Clause 1, Schedule 2 - Per-student amounts for 2017 for certain schools

 

This clause is to establish the per student amounts for schools whose approved authority is approved for more than one school, but which does not have its own need-based funding arrangement (i.e., is not an approved system authority). This is for the purposes of establishing whether these schools meet the prescribed circumstances relating to adjustment funding for non-government schools set out in Part 2 of Schedule 1. This clause will also provide a per-student amount for one school that began operating late in 2017, so that its per-student amount can reflect what it would have been had the school been open for the whole of 2017, and not pro-rated.

 

The per student amounts have been calculated by dividing the recurrent funding amount attracted by the relevant school for 2017 by the number of full-time equivalent students at the school for 2017.

 

Schedule 3 - Adjustment funding for highly disadvantaged independent school students

Clause 1, Schedule 3 - Schools and base adjustment amounts

Clause 1 of Schedule 3 provides the base adjustment amounts for the purposes of Part 9 of Schedule 1 to the Regulations.

The schools included in Schedule 3 were selected based on the following criteria:

*         in 2022, the school was an independent majority Aboriginal and Torres Strait Islander school, special assistance school, or special school; and

*         the school's SED loading and LEP loading amounts for 2022 were greater than zero; and

*         the number of students in quartiles 1 and 2 relied upon in working out the SED loading amount for 2022, and the number of students with a disadvantaged language background other than English relied upon in working out the LEP loading amount for 2022, was the number identified by ACARA by the application of fixed percentages.

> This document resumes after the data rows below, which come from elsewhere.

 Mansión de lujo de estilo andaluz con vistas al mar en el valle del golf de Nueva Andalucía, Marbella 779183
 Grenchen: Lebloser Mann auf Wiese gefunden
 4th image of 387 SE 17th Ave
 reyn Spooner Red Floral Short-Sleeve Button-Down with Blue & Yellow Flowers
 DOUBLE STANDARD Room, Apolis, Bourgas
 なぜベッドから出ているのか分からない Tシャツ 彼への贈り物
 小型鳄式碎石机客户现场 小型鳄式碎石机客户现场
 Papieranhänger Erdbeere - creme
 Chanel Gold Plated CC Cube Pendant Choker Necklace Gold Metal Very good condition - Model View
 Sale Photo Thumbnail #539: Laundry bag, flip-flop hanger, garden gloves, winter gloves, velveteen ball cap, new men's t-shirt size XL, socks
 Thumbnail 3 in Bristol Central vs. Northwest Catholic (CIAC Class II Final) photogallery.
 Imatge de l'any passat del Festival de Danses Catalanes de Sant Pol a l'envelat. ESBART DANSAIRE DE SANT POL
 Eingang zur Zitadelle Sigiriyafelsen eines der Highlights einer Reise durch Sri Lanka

The base adjustment amounts for each school in Schedule 3 have been calculated to reflect an estimate of the reduced amount of SED loading and LEP loading to the schools due to these fixed percentages no longer being used to calculate those loadings. The amount is inclusive of both the Commonwealth funding share and an assumed 20 per cent state and territory share. Specifically, the base adjustment amounts reflect the difference between:

*         the SED loading and the LEP loading amounts for the school for 2023, when worked out using 'fixed percentages', forecasted as at 7 December 2022, and

*         the SED loading and LEP loading amounts for the school for 2023, when worked out using 2022 actual student background data from ACARA, forecasted as at 7 December 2022.

Schedule 4 - Repeals

 

Clause 1, Schedule 4 - The whole of the instrument

 

Schedule 4 repeals the Australian Education Regulation 2013.

 



[1] Section 69B of the Act empowers the Minister to determine an amount of funding for a transitioning school for a year between 2018 and 2027 (inclusive) in the circumstances set out in the Regulations. Funding under section 69B must be appropriated annually.

[2] Section 69A of the Act empowers the Minister to determine an amount of funding for a school in the circumstances set out in the Act. Funding under section 69A is supported by the standing appropriation in section 126 of the Act.